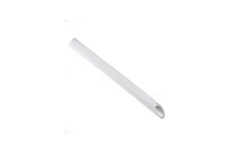 Труба РВК PROFI PPR/Al/PPR PN 25 SDR 6 D 50, 4 м 010305
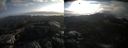 ./images/calvert/buxton2/20150422/buxton220150422_080504M.jpg
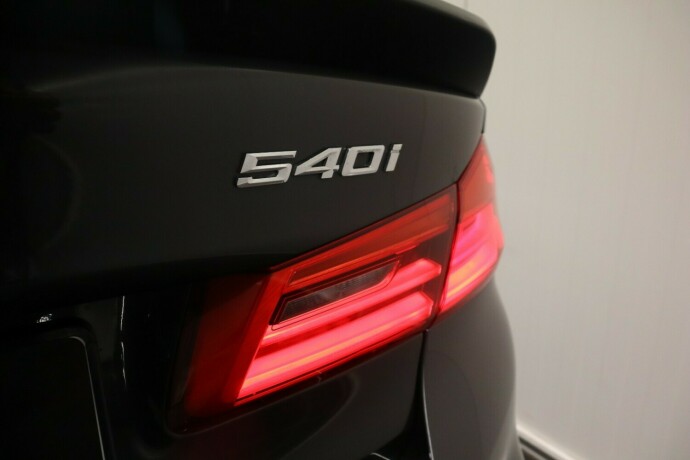 bmw-5-serie-bensin-2018-big-57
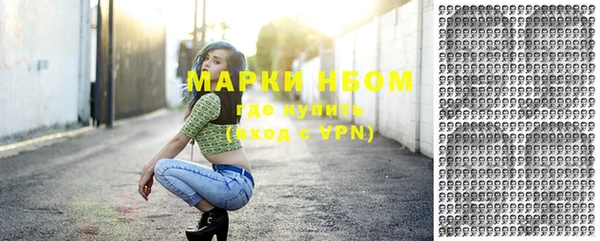 дурь Алексин
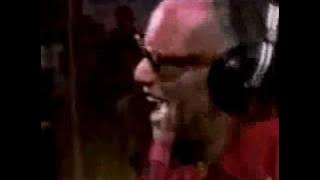 We are the world アーティスト名&歌詞付　日本語訳付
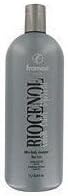 By Framesi Biogenol Replenishing Shampoo 33.8 oz by Biogenol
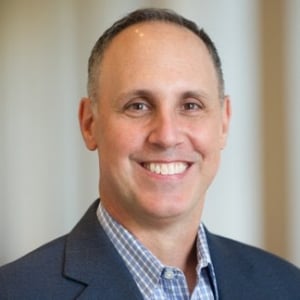 Michael Romano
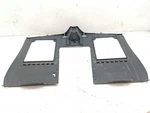19 Polaris Slingshot Inner Storage Closeout Panel 5454964. Fixed Price $282.31.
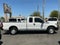 2012 Ford F250 Super Duty Super Cab XL Pickup 4D 8 ft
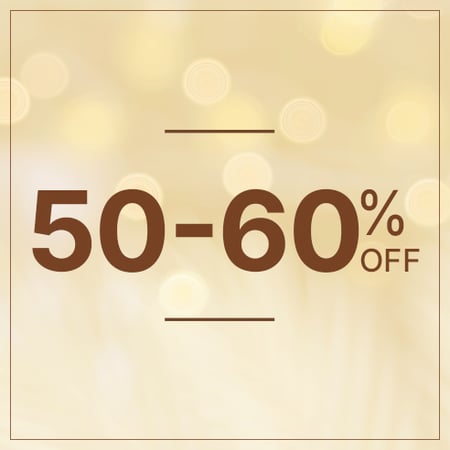 Deals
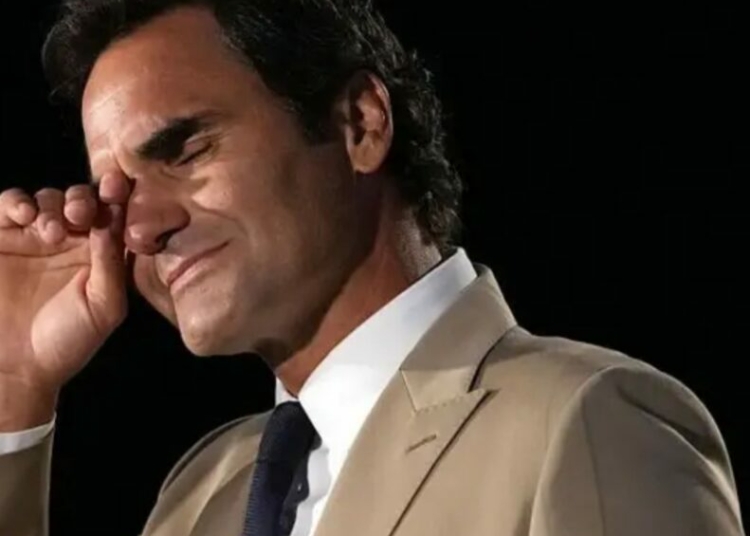 Federer Inducted Into Hall Of Fame 1 Screenshot 20260830 152057 Chrome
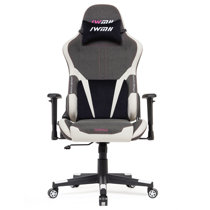 Intimate wm heart online racing chair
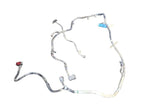 F350SD    2007 Transmission Wire Harness 648324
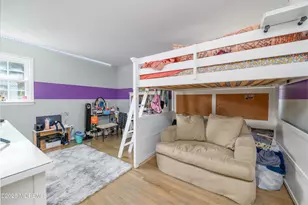 19 Kelvin Ave, Leonardo, NJ 07737 - Photo 17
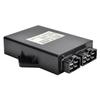 Motorcycle Ignition CDI Box Motorcycle Digital Ignition CDI Unit Box Ignition Starter Ignition Igniter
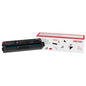 Toner Original, Xerox, Xerox OEM C230 M (006R04389) Toner, 1.5 K Pagini, Magenta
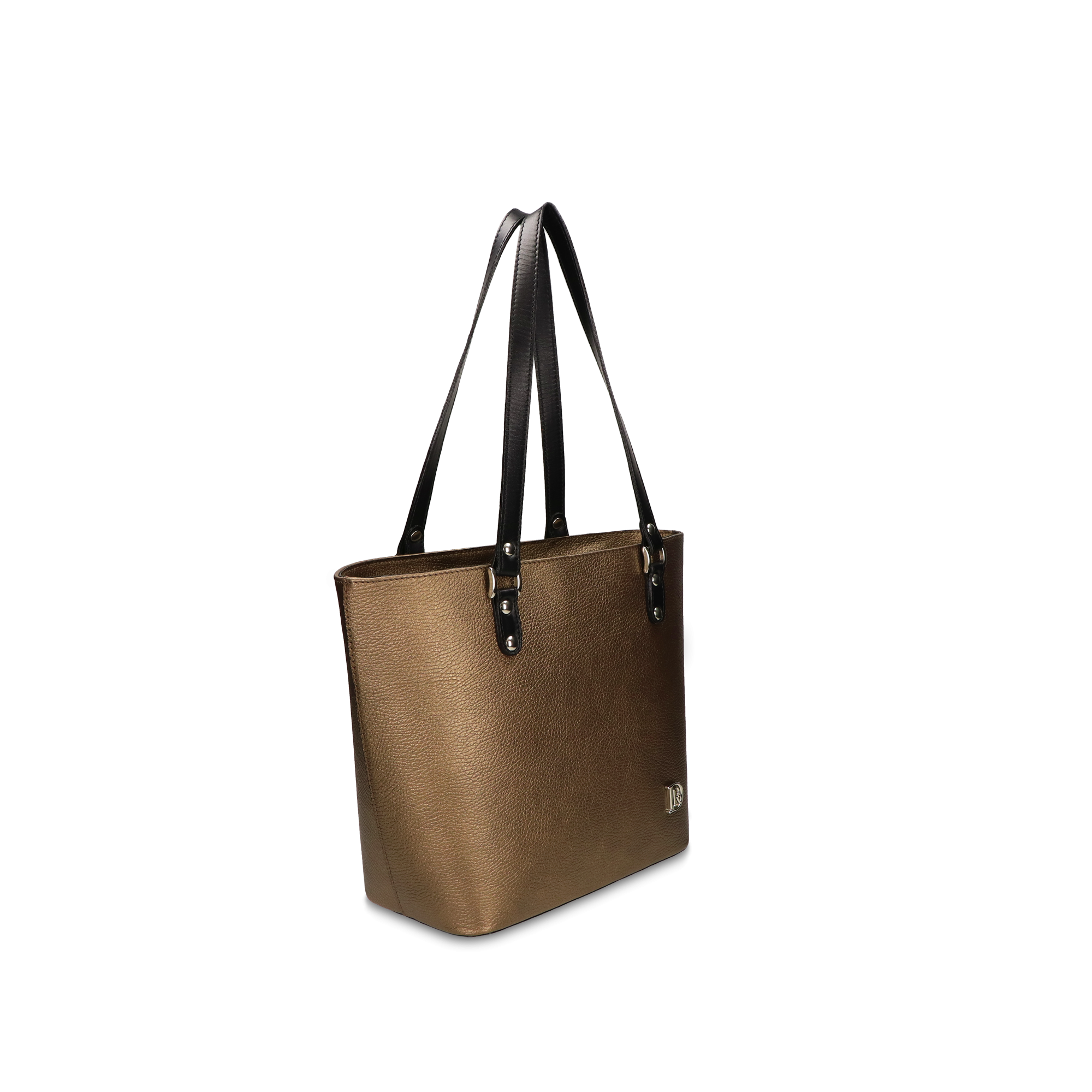 Michaela Malá Limitka "BRONZOVÁ"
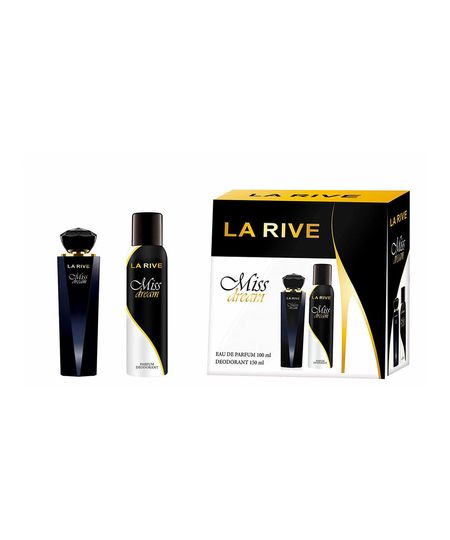 Kit-La-Rive-Miss-Dream-Feminino-Eau-de-Parfum-100-Ml---Desodorante-Feminino-150-Ml-Unico-1017031-Unico_1 Kit-La-Rive-Miss-Dream-Feminino-Eau-de-Parfum-100-Ml---Desodorante-Feminino-150-Ml-Unico-1017031-Unico_1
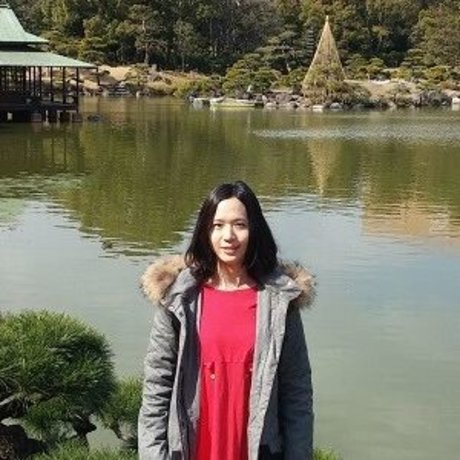 PanPiano best actress image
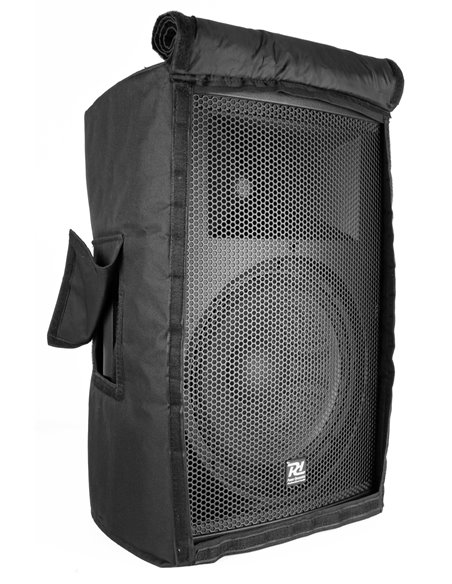 PD15SC FUNDA BAFLE DELUXE 15'' PD4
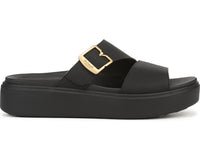 Dr. Scholl's Women's Madison Cloud Slide Sandal
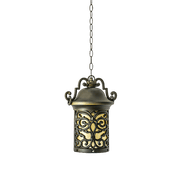 Buy Ultralight Classic Pendant Light (9192-H) - Best  from Ultralight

● ● ●

Task item:
Retype the entries word for word. Omit any images.

Finished task:
 Труба РВК PROFI PPR/Al/PPR PN 25 SDR 6 D 50, 4 м 010305
 ./images/calvert/buxton2/20150422/buxton220150422_080504M.jpg
 bmw-5-serie-bensin-2018-big-57
 дурь Алексин
 We are the world アーティスト名&歌詞付　日本語訳付
 By Framesi Biogenol Replenishing Shampoo 33.8 oz by Biogenol
 Michael Romano
19 Polaris Slingshot Inner Storage Closeout Panel 5454964. Fixed Price $282.31.
 2012 Ford F250 Super Duty Super Cab XL Pickup 4D 8 ft
 Deals
 Federer Inducted Into Hall Of Fame 1 Screenshot 20260830 152057 Chrome
 Intimate wm heart online racing chair
 F350SD    2007 Transmission Wire Harness 648324
 19 Kelvin Ave, Leonardo, NJ 07737 - Photo 17
 Motorcycle Ignition CDI Box Motorcycle Digital Ignition CDI Unit Box Ignition Starter Ignition Igniter
 Toner Original, Xerox, Xerox OEM C230 M (006R04389) Toner, 1.5 K Pagini, Magenta
 Michaela Malá Limitka "BRONZOVÁ"
 Kit-La-Rive-Miss-Dream-Feminino-Eau-de-Parfum-100-Ml---Desodorante-Feminino-150-Ml-Unico-1017031-Unico_1 Kit-La-Rive-Miss-Dream-Feminino-Eau-de-Parfum-100-Ml---Desodorante-Feminino-150-Ml-Unico-1017031-Unico_1
 PanPiano best actress image
 PD15SC FUNDA BAFLE DELUXE 15'' PD4
 Dr. Scholl's Women's Madison Cloud Slide Sandal
 Buy Ultralight Classic Pendant Light (9192-H) - Best  from Ultralight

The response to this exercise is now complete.